Category Archives: PATRIC

Download a genome and remove the ribosomal RNA operon

For our search SRA engine, we want to remove the ribosomal RNA operon (not just the 16S gene, the whole opeon) before we run the search, otherwise all our hits are to the rRNA genes!

Here’s who you can use PATRIC to download a genome and remove the 16S region. For the example, we’re going to use a Faecalibacterium prausnitzii genome, because, well why not!

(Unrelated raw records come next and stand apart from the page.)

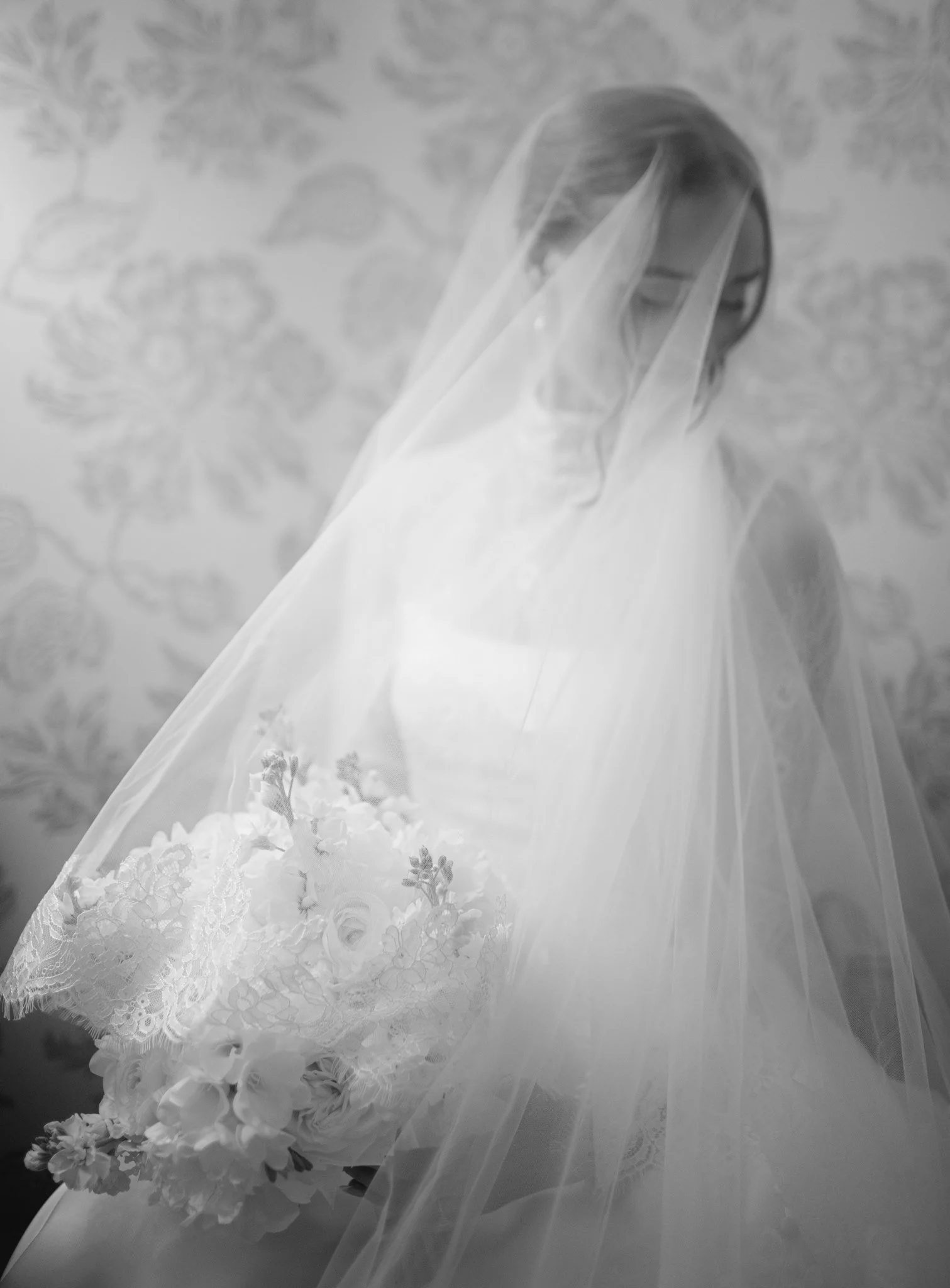 A woman dressed in a white wedding gown with a veil and holding a bouquet of flowers.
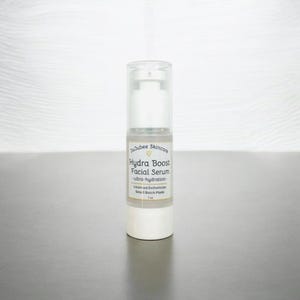 Pu&ograve; includere: Flacone di siero viso bianco e trasparente con dosatore a pompa. L'etichetta recita "JuJubee Skincare Hydra Boost Facial Serum - ultra-hydration". Il flacone &egrave; da 30 ml. Il prodotto &egrave; su una superficie grigia.
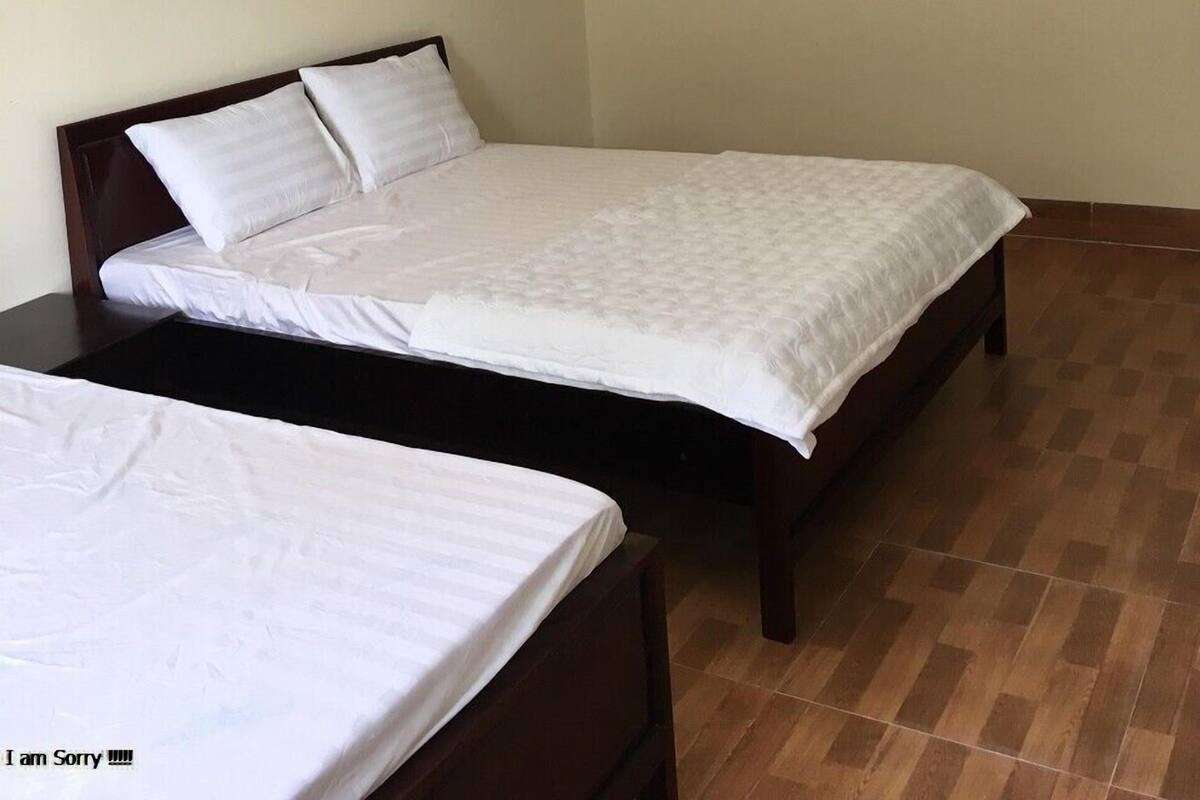 A small, clean room with two single beds, a wall-mounted air conditioner, and a tiled floor.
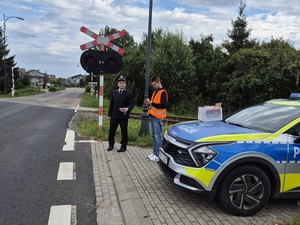niestrzeżony przejazd kolejowy. Przed przejazdem obok oznakowanego policyjnego radiowozu stoją pracownik kolei i funkcjonariusz SOK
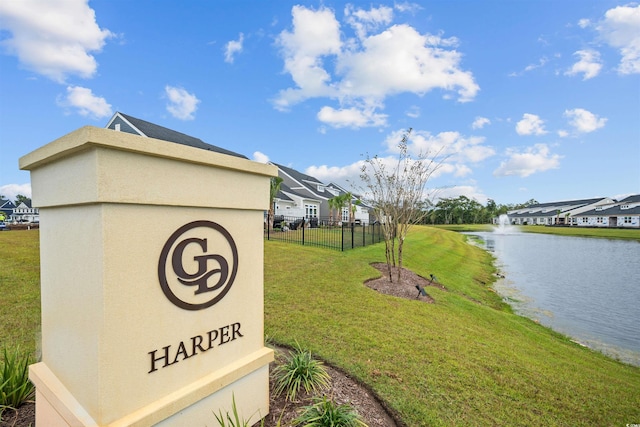 community sign with a lawn and a water view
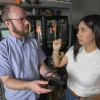 Matthew Briggs talks with Ruth Salazar while holding an adaptive foot pedal in a lab with 3D printers in the background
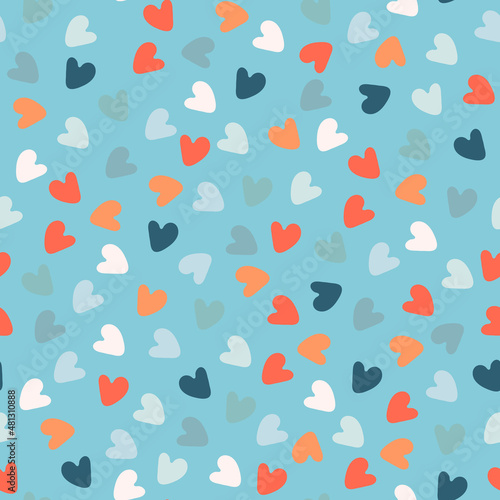 Seamless pattern with hand drawn multicolored heart shapes on blue background, for wrapping paper and other design projects. Valentines Day concept, love, LGBT, romance concept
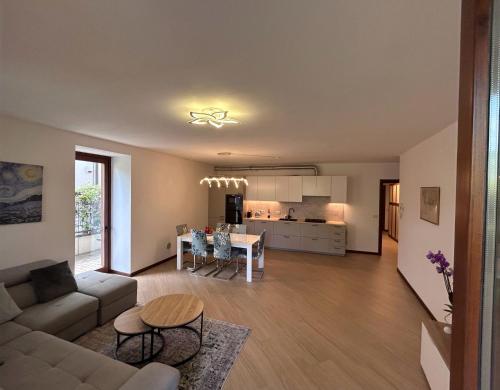 a living room with a couch and a table at Rosa dei Venti - Como Lake House in Valmadrera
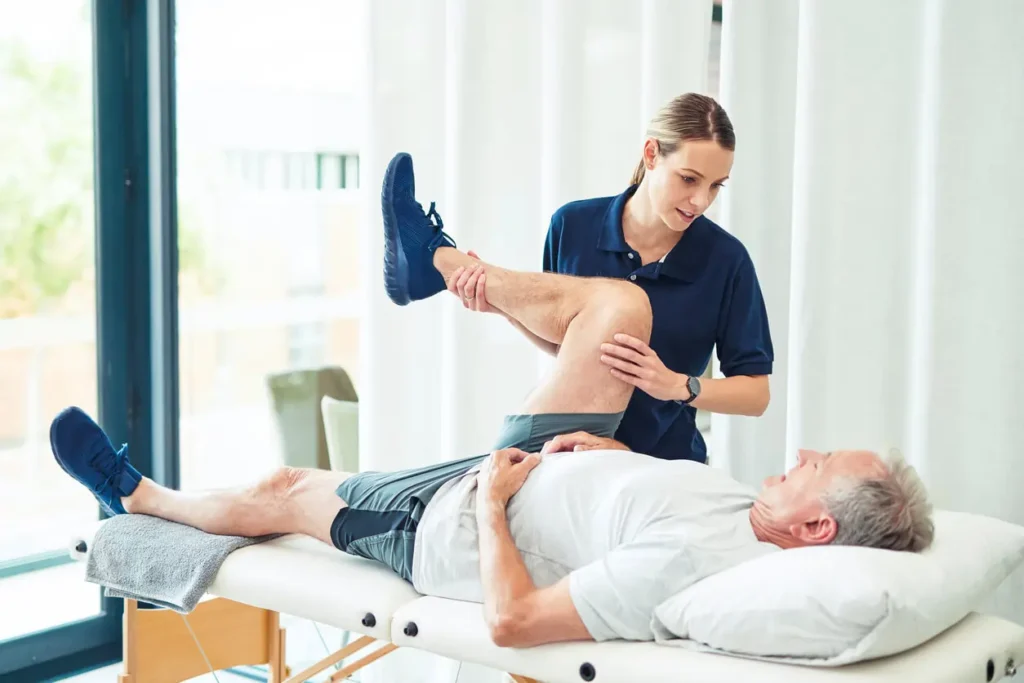 Revitalising Recovery: Effective Rehabilitation Strategies for Muscle Injuries 3 Physiotherapist assisting a patient with muscle recovery exercises Herne Bay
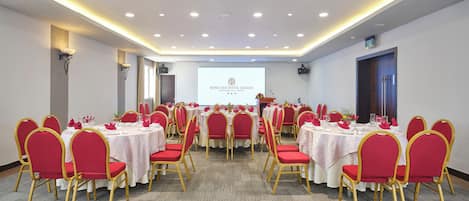 A conference room with round tables, red chairs, and a presentation screen.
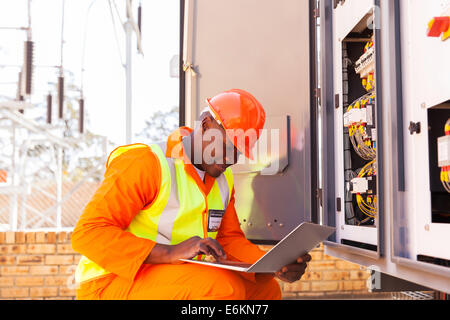 schöne afrikanische Elektrotechniker arbeiten am Laptop neben Trafo Stockfoto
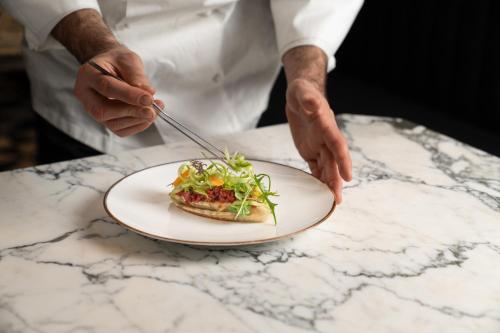 a chef is holding a plate of food on a table at The Goethe Hotel - Small Luxury Hotels of the World in Rome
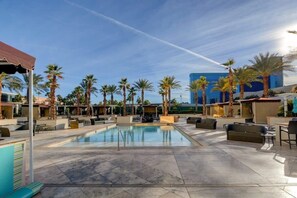 A pool area with lounge seating and palm trees, surrounded by modern buildings.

First, we download the genome and convert the GTO to fasta

p3-gto 657322.3
rast-export-genome -i 657322.3.gto contig_fasta > 657322.3.fna

Next, we use a couple of helper scripts from the EdwardsLab Git Repo. We start by converting the gto to a tab separated file with features and their locations

python3.7 ~/EdwardsLab/patric/parse_gto.py -f 657322.3.gto -p > 657322.3.tab

Then we can grep through that file for the ribosomal genes:

grep rna 657322.3.tab | grep Subunit

We only find two of the genes:

fig|657322.3.rna.5      Large Subunit Ribosomal RNA; lsuRNA; LSU rRNA   FP929046 586941 - 589785 (-)

fig|657322.3.rna.6      Small Subunit Ribosomal RNA; ssuRNA; SSU rRNA   FP929046 590567 - 591540 (-)

Now we can trim out the sequences and keep only the non-rRNA regions. Note that here I trim a little extra off the sequences, but you may not wish to do that

python3.7 ~/EdwardsLab/manipulate_genomes/trim_fasta.py -f 657322.3.fna -e 576941 -c FP929046 > FP929046.fna
python3.7 ~/EdwardsLab/manipulate_genomes/trim_fasta.py -f 657322.3.fna -b 601540 -c FP929046 >> FP929046.fna

We run this twice, which is suboptimal, but this is definitely not the most computationally challenging thing we will do with those sequences!